(by Cupcake and Burlacher)
Background –
Due to many scheduled appearances, Burlacher’s vacation days are limited so he often
has to book trips long in advance.
Thus, his Chicago trip to Solider Field was planned prior to the
schedule coming out for the season in hopes it would be a home game weekend, but
alas, Burlacher was denied. But recovered well.
SCENE: Saturday, Chicago, Downtown Hotel (not
safe to reveal his exact location while in Chicago for obvious reasons)
Burlacher: (shaking me awake) “Morning!! (very
excited) Time to get up!” (already dressed in his uniform, ready for his trip
to Soldier Field)
Me: “Okay, can
we stop for breakfast?”
Burlacher: “No.”
Me: “Coffee?”
Burlacher: “No.
But we need to go to Barney’s; I didn’t pack a suit for that event tonight. I’ve mapped out our day and it’s across
the street, best to get it out of the way now.”
The event is
actually a casual BBQ with close friends, but I know Burlacher likes to look
his best so I don’t argue and we walk to Barney’s. The staff greets him by name
and he’s lead directly to men’s suits (it’s clear they knew he was coming)… The
staff becomes visibly nervous and deeply apologetic when there’s nothing in his
size. Burlacher, now demanding coffee and pastries for his trouble, takes the
extra time to be fitted for a custom suit we’ll be picking up later and we are
finally on our way.
SCENE: Solider
Field (Notre Dame v. Miami starts in a few hours, fans gathering….)
Burlacher:
(hops out of the cab, was extremely excited - now noticeably overwhelmed
manages to eek out as he looks around…) “WOW…. So this is where Uncle Brian and
Charles play…its so big…” (*Note
–Burlacher has no relation to Brian Urlacher but he tells people that so often
he’s started to believe it himself…)
Burlacher pulls
himself together and notices one of the monuments on his map he’s wanted to
see… he races over and jumps in front of a man holding his child, demanding his
picture to be taken like it’s a scavenger hunt.
Burlacher:
(disregarding my point and now looking at the family) “Scuz me (annoyed), I
can’t help but notice you’re in Notre Dame uniforms. Do you know where you are?
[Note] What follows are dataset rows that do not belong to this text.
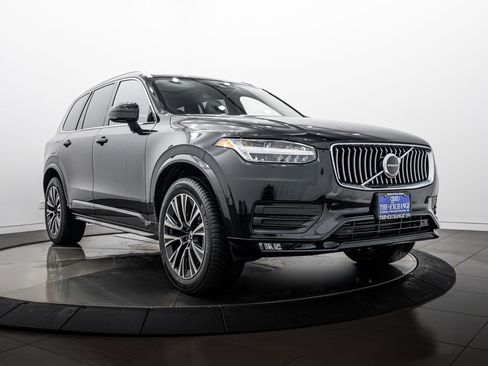 Used 2020 Volvo XC90 T5 Momentum w/ Protection Package Premier AWD/4WD image 1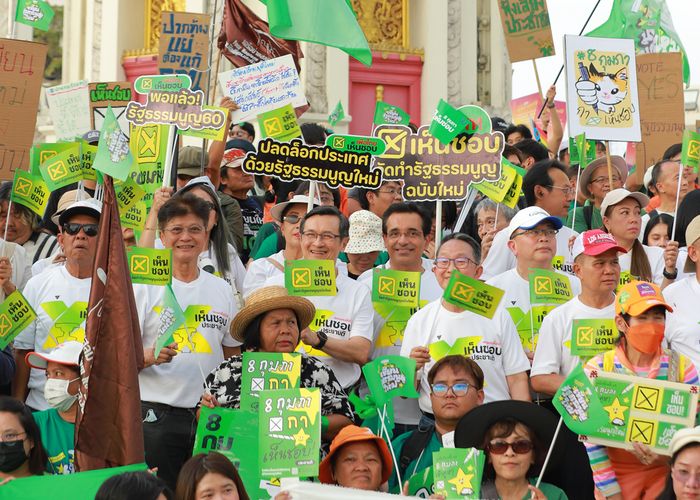 'จาตุรนต์' นำคณะฯ เดินรณรงค์ประชามติ 'เห็นชอบ' การจัดทำรัฐธรรมนูญฉบับใหม่ ที่จะมีขึ้น 8 ก.พ.นี้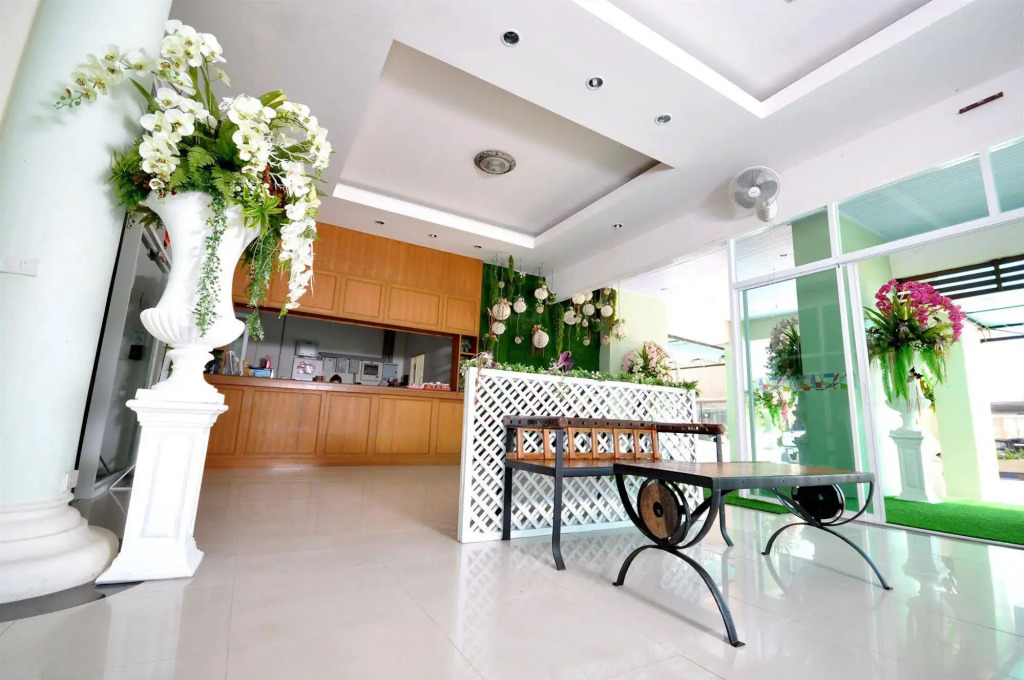 OYO 792 Omsaga Phuket Hotel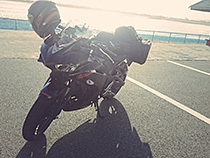 海と夕陽とR25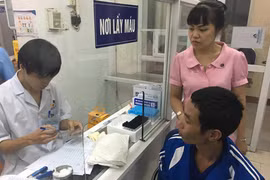 Thuyền viên được cướp biển thả: “Chúng tôi ăn, ngủ trước họng súng“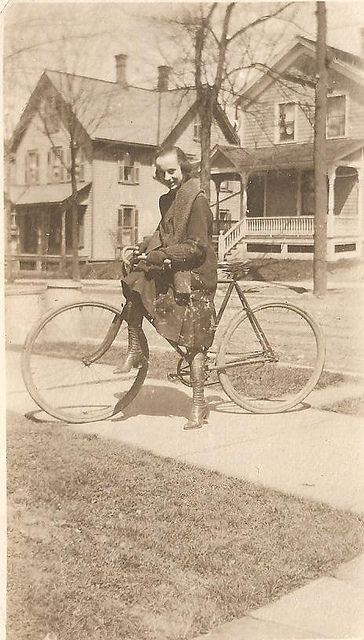 Ladies of the early 20th century and their bicycles - Past, Old photo, Historical photo, 20th century, A bike, Film, History (science), Black and white photo, Retro, Longpost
This is where my Uncle Brian plays, and I’ve traveled a long way to be here and
you’re in my picture. Please leave now.”
Family looks at
him, a bit appalled but have no rebuttal as he’s simply pointed out the facts -
they gather their belongings and quickly back away. Just then two little kids
come running up in Miami uniforms…
Burlacher: “No!
No! NO! What is wrong with you people!?
Everyone clear out! Where are the parents of these kids? Sir! Get your
kids under control… (parents come running in, frantically grabbing their kids
while a half circle forms around the monument and Burlacher proceeds with his
photo shoot – various poses: sitting, standing, serious, smiling, hand on his
hip, profile shot, now touching the monument, etc)
Me: “Alright Burlacher,
I think we’re done here(?).”
Burlacher: “Just
one more shot! (smiles one more time) Okay, did we get some good ones? Which one will Uncle Brian want for his
mantel? Let me see them.” Burlacher refusing to leave his post, waves me over for
photo review (Miami and ND fans don’t move, waiting more out of fear than patience).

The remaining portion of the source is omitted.